(REQUIRED ACTION)
Copy the records below exactly, leaving out every picture.

Entries taken from a collection

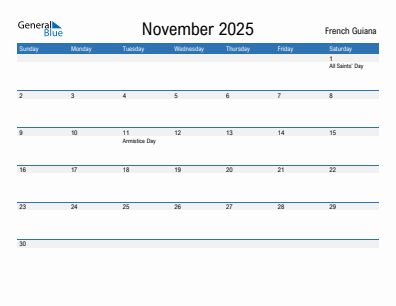 Current month calendar with French Guiana holidays for November 2025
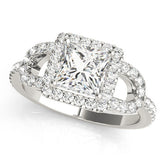 White gold Princess Cut Halo Split Shank Diamond Ring with Four-Prong Setting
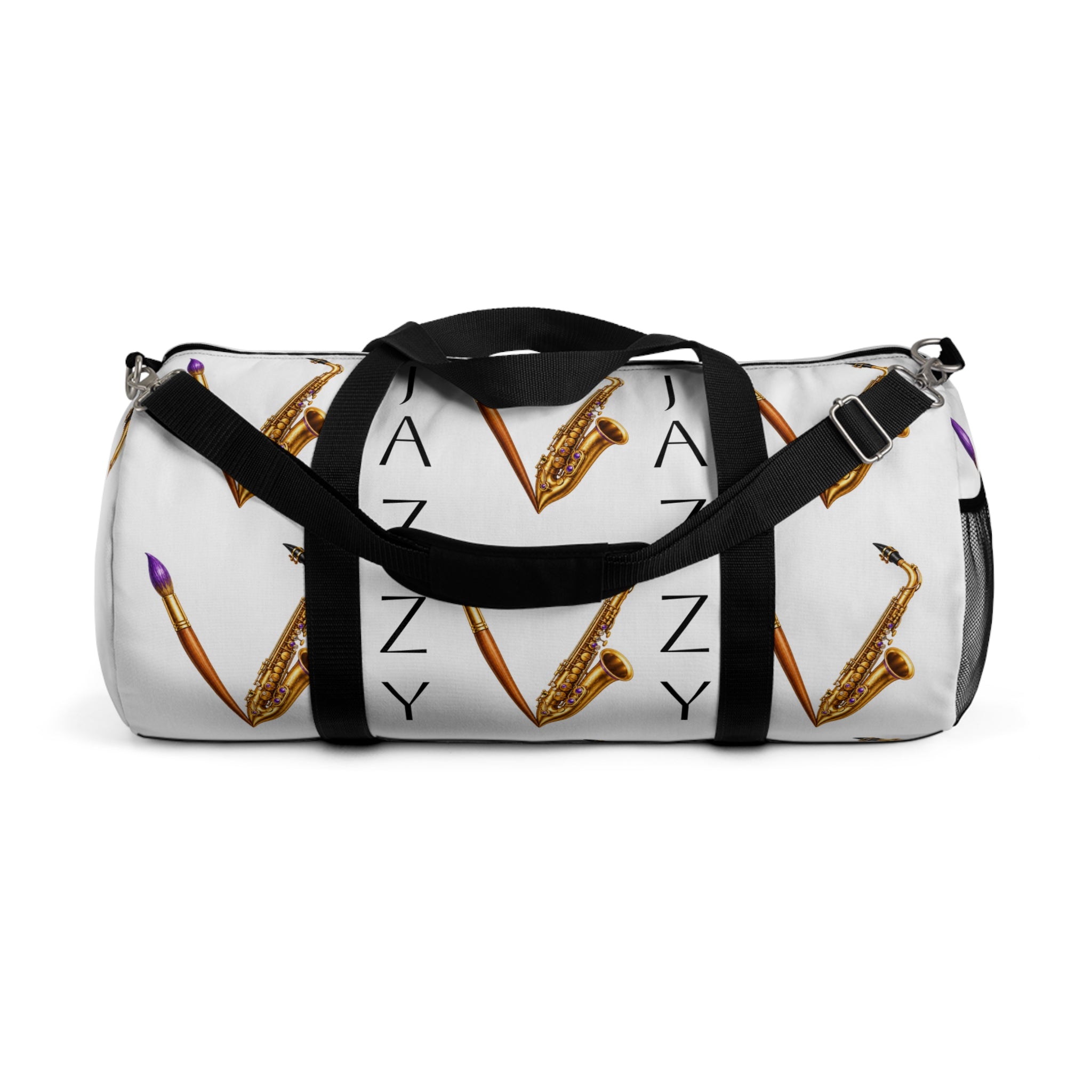 Jazzy Smoov saxophone print duffel bag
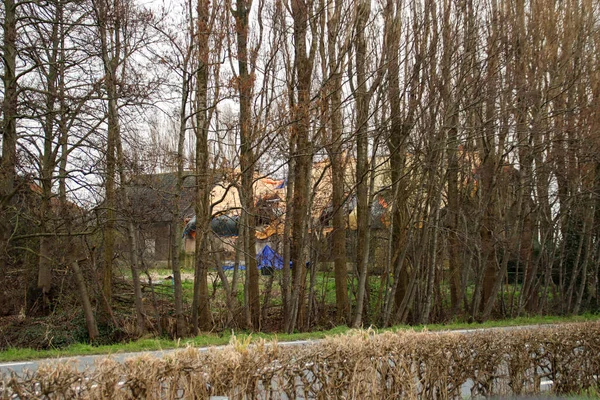 Geertruidehoeve Abandoned Dilapidated Farm National Monument Nieuwerkerk Aan Den Ijssel — стокове фото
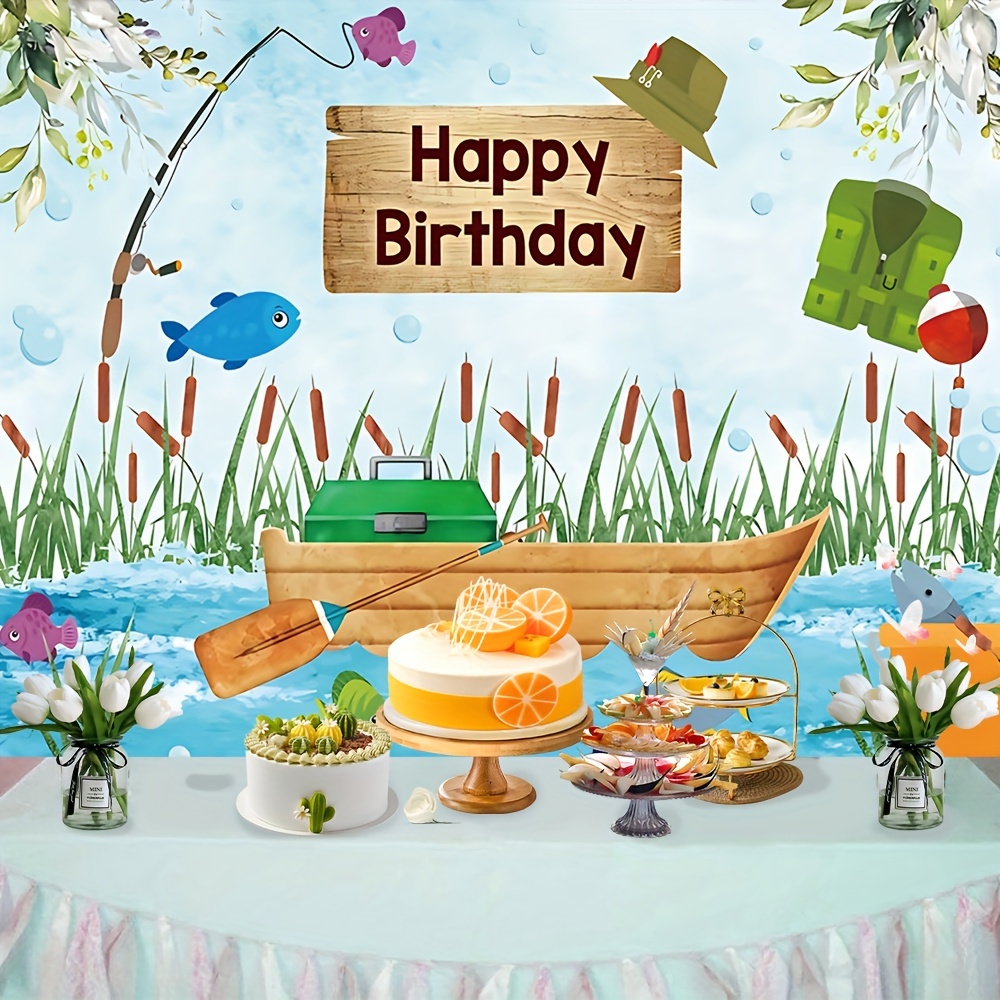 Decoración de fiesta de pesca para adultos, incluye telón de fondo, globos  de látex, decoración de pasteles, pancarta de pesca para pesca temática de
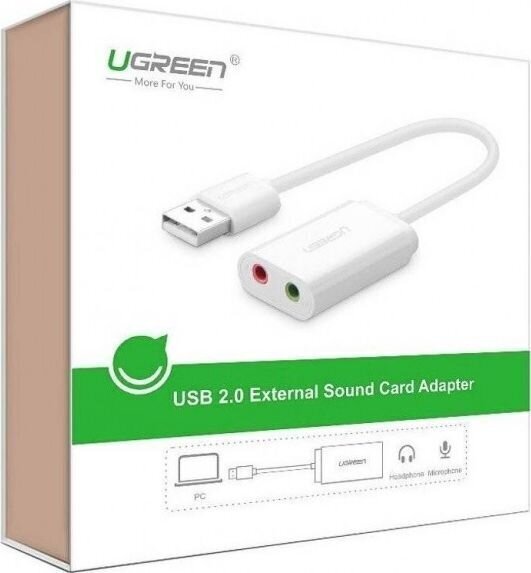 Adapteris USB Ugreen 2.0 - 3,5 mm mini jack (US205 30143), balts cena un informācija | Adapteri un USB centrmezgli | 220.lv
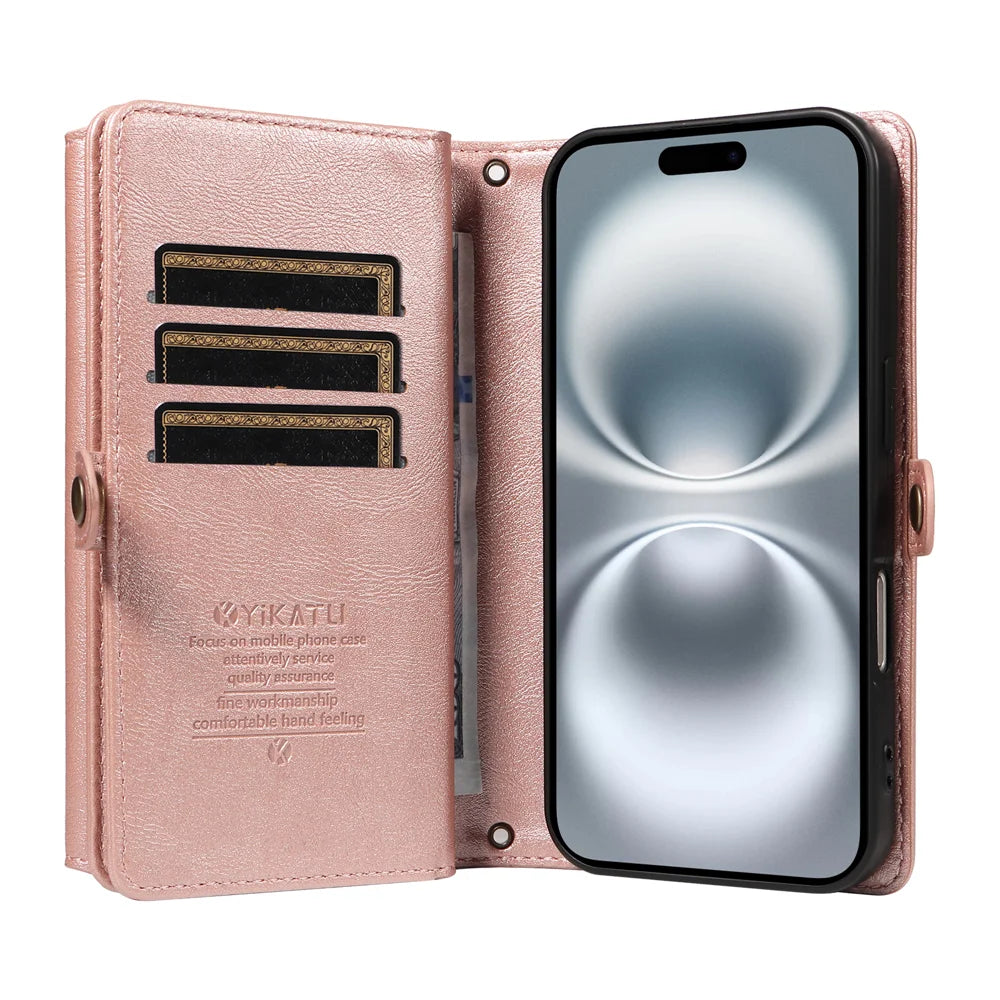 YIKATU For iPhone 16 Case  YK-008 Zipper Wallet Leather Phone Cover with Shoulder Strap - Rose Gold - 3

(YOUR RESPONSE)
 Current month calendar with French Guiana holidays for November 2025
 White gold Princess Cut Halo Split Shank Diamond Ring with Four-Prong Setting
 Jazzy Smoov saxophone print duffel bag
 Geertruidehoeve Abandoned Dilapidated Farm National Monument Nieuwerkerk Aan Den Ijssel — стокове фото
 Decoración de fiesta de pesca para adultos, incluye telón de fondo, globos  de látex, decoración de pasteles, pancarta de pesca para pesca temática de
 Adapteris USB Ugreen 2.0 - 3,5 mm mini jack (US205 30143), balts cena un informācija | Adapteri un USB centrmezgli | 220.lv
 YIKATU For iPhone 16 Case  YK-008 Zipper Wallet Leather Phone Cover with Shoulder Strap - Rose Gold - 3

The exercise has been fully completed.